Source material |
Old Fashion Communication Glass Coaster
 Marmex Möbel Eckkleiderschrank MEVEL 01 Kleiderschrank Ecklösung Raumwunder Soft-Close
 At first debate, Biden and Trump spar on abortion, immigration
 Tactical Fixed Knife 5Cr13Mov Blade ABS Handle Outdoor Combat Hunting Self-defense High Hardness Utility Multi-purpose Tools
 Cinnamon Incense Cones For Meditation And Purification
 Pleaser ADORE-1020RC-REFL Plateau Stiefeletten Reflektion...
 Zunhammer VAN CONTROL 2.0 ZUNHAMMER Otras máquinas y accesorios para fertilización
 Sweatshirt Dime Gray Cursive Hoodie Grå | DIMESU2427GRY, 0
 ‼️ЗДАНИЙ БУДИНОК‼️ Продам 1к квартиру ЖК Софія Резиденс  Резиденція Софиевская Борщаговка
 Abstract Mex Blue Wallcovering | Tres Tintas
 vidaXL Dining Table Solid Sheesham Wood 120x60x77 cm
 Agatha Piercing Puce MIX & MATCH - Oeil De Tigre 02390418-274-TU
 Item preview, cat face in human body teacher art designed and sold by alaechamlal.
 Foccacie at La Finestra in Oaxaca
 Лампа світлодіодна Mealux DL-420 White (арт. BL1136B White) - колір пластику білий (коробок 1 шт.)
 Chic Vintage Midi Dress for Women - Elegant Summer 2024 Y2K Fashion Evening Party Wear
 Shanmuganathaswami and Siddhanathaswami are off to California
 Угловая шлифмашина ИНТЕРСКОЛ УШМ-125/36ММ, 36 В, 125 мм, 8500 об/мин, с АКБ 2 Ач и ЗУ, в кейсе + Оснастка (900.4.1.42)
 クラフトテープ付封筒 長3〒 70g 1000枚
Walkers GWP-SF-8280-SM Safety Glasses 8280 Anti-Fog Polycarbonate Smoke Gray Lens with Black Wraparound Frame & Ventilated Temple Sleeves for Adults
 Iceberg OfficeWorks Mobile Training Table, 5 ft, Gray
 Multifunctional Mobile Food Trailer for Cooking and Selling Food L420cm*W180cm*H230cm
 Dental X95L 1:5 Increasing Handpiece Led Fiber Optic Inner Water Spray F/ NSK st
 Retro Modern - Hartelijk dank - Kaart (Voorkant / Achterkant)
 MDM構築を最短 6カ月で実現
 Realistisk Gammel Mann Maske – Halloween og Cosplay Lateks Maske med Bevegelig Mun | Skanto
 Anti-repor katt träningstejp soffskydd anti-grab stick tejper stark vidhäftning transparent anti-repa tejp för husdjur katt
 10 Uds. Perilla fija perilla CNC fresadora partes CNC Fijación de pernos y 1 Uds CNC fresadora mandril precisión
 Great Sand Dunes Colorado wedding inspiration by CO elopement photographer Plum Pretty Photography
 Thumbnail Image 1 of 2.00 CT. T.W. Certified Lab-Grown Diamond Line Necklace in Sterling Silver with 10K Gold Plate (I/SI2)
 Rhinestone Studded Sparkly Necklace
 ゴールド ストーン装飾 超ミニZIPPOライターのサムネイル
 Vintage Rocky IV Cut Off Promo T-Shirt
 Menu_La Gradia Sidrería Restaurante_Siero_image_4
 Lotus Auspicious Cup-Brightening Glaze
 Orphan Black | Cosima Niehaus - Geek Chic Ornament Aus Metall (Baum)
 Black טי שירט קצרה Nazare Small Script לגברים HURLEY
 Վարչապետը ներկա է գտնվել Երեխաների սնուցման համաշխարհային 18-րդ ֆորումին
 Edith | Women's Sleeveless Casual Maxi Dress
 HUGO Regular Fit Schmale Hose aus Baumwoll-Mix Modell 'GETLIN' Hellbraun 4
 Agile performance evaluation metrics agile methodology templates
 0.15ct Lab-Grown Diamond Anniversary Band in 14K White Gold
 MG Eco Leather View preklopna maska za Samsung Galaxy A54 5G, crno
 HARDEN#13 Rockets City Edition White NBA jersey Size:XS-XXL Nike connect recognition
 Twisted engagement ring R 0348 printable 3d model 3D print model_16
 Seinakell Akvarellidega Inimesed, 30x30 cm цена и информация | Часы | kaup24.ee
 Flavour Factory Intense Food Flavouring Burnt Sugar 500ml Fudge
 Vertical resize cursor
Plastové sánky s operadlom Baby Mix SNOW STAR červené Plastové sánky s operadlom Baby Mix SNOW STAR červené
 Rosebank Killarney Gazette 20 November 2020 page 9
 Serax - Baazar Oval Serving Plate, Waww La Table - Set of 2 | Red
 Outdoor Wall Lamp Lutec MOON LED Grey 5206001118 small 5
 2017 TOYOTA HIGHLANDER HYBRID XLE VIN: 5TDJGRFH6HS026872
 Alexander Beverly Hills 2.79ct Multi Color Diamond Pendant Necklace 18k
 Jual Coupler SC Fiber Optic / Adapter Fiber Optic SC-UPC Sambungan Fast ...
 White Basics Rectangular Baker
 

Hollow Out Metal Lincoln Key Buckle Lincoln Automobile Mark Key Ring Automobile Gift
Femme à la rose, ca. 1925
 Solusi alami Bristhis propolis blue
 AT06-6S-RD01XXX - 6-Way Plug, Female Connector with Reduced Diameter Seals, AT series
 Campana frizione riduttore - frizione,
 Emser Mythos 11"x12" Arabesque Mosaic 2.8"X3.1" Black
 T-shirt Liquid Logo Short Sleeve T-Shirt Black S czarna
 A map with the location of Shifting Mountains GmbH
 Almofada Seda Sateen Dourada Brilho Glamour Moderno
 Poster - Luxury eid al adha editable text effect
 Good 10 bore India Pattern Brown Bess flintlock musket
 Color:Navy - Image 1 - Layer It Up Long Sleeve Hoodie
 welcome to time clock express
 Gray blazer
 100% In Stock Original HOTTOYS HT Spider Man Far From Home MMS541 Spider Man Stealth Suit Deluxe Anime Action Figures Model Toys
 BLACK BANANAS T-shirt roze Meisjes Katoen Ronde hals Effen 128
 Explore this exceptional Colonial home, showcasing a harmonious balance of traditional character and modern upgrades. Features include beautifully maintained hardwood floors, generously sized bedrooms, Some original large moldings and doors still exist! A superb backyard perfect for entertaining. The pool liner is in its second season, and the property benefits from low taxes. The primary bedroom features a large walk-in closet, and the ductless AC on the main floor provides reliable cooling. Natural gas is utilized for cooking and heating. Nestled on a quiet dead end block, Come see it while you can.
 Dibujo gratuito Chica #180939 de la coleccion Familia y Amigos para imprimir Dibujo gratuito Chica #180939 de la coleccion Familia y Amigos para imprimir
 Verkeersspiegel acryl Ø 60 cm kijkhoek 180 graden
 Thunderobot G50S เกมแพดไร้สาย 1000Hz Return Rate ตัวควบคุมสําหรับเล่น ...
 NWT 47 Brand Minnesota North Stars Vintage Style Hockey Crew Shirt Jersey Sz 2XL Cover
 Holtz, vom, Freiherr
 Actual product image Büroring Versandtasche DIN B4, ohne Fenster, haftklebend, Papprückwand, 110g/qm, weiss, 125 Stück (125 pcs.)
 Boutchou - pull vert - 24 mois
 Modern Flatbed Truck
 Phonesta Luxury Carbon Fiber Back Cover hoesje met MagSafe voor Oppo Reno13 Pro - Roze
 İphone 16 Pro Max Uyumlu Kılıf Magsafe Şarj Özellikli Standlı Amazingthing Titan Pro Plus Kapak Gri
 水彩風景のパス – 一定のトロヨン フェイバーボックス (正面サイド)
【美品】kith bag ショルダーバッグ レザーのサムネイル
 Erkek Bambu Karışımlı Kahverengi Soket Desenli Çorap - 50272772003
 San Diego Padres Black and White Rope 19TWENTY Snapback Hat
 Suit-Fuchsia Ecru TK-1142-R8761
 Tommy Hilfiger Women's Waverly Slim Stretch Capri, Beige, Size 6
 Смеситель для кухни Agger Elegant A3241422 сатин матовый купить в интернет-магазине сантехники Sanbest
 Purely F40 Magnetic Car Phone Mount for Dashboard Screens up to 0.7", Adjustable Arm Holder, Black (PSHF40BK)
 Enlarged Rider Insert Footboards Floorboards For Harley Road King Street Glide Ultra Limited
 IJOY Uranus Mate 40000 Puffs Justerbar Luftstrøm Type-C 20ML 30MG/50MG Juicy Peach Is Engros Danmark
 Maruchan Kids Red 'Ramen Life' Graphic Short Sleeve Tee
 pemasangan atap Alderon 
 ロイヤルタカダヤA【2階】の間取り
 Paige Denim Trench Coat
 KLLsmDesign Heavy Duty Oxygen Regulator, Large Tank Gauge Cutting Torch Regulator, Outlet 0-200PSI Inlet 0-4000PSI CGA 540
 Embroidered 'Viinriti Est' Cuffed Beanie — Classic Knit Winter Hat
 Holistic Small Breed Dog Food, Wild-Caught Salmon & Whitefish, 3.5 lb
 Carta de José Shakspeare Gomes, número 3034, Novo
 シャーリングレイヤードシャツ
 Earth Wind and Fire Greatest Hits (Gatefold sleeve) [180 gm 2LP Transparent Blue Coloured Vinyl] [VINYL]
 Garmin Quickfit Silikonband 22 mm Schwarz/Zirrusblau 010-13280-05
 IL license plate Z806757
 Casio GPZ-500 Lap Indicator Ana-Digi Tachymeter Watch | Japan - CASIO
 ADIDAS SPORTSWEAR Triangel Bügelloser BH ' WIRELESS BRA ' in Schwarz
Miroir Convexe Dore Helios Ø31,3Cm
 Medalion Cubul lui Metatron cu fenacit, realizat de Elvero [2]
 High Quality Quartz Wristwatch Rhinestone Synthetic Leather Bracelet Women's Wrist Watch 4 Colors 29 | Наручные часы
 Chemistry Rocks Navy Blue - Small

Task to carry out | Search the records for the string "Outdoor" and report each line that has it.

Output for this exercise |
 Tactical Fixed Knife 5Cr13Mov Blade ABS Handle Outdoor Combat Hunting Self-defense High Hardness Utility Multi-purpose Tools
 Outdoor Wall Lamp Lutec MOON LED Grey 5206001118 small 5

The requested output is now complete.